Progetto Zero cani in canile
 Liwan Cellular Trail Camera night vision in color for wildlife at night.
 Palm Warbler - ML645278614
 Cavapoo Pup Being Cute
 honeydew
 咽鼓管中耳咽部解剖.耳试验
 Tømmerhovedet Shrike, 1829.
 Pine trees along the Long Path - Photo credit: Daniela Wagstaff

::::::

* **Task prompt**: Look above for the line with "Cavapoo Pup Being Cute", then copy it and each later line exactly, stopping at the last line of the records.

* **Output for this exercise**:
 Cavapoo Pup Being Cute
 honeydew
 咽鼓管中耳咽部解剖.耳试验
 Tømmerhovedet Shrike, 1829.
 Pine trees along the Long Path - Photo credit: Daniela Wagstaff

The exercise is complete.